O “desvio colossal” nas previsões do FMI para a economia portuguesa – em que, pouco mais de dois meses depois das previsões anteriores, se prevê agora bastante mais crescimento económico e menos défice, neste ano e no próximo – significa, acima de tudo, um reconhecimento dos bons resultados do Governo socialista na frente económica e orçamental. Boas notícias, portanto. Todavia, este caso devia merecer uma reflexão muito séria no FMI: uma guinada tão repentina e tão profunda face às previsões sombrias anunciadas há apenas dois meses não é normal. Um desvio tão grande entre previsões feitas em tão curto espaço de tempo prova que a análise anterior do FMI, a cargo do departamento chefiado por Vítor Gaspar, estava totalmente desfasada da realidade portuguesa.
É claro, o que não falta, sobretudo neste Mundo de incertezas, são previsões falhadas.

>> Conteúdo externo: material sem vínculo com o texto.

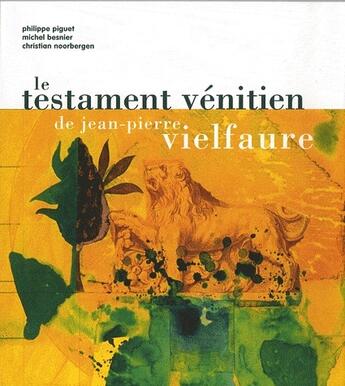 Couverture du livre « Le testament vénitien de Jean-Pierre Vielfaure » de Philippe Piguet et Christian Noorbergen et Michel Besnier aux éditions Le Livre D'art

Todas as instituições e todos os governos, por muito que tentem basear-se na melhor informação disponível e adivinhar o futuro, averbam falhanços nos seus exercícios de previsão, por maior ou menor margem. Mas o caso deste falhanço clamoroso das previsões do FMI sobre Portugal é absolutamente singular.
Vejamos a questão do défice. É preciso lembrar que quando a previsão anterior do FMI foi feita, no passado mês de setembro, já estavam decorridos quase 9 meses do ano. Estava disponível, portanto, abundante informação que confirmava o bom desempenho da execução orçamental e levava todas as instituições (Conselho das Finanças Públicas, UTAO e Comissão Europeia) a prever valores para o défice em 2016 muito abaixo dos míticos 3%. Ora, sem nenhum fundamento razoável, e precisamente quando Portugal discutia em Bruxelas o seu Orçamento para 2017 e o cancelamento das sanções por incumprimento das metas do défice em 2015, o FMI avançou com uma previsão simplesmente estapafúrdia de 3% de défice tanto em 2016 como em 2017 (o que significaria falhar a saída do procedimento por défice excessivo). Agora, apenas dois meses depois, o FMI rende-se finalmente às evidências e vê-se forçado a corrigir em forte baixa a sua previsão do défice, estimando uns confortáveis 2,6% para este ano e, imagine-se, 2,1% para 2017.
Veja-se, também, o caso do crescimento económico previsto para o ano em curso: de 1% em setembro, o FMI salta agora para uma previsão de 1,3%, que é ainda mais otimista do que a do próprio Governo! É certo, à data da previsão anterior não eram ainda conhecidos os números finais do PIB no 3.º trimestre, mas estavam já disponíveis dados parcelares mais do que suficientes para se saber que a economia iria acelerar, e não contrair ou estagnar como estava subjacente à previsão errada do FMI.
Este está longe de ser um assunto menor: ao errar tão grosseiramente nas suas previsões, o FMI errou também no seu discurso sobre a situação portuguesa num momento muito sensível e com isso induziu em erro os mercados e os agentes económicos. Em suma, com o seu erro o FMI prejudicou Portugal.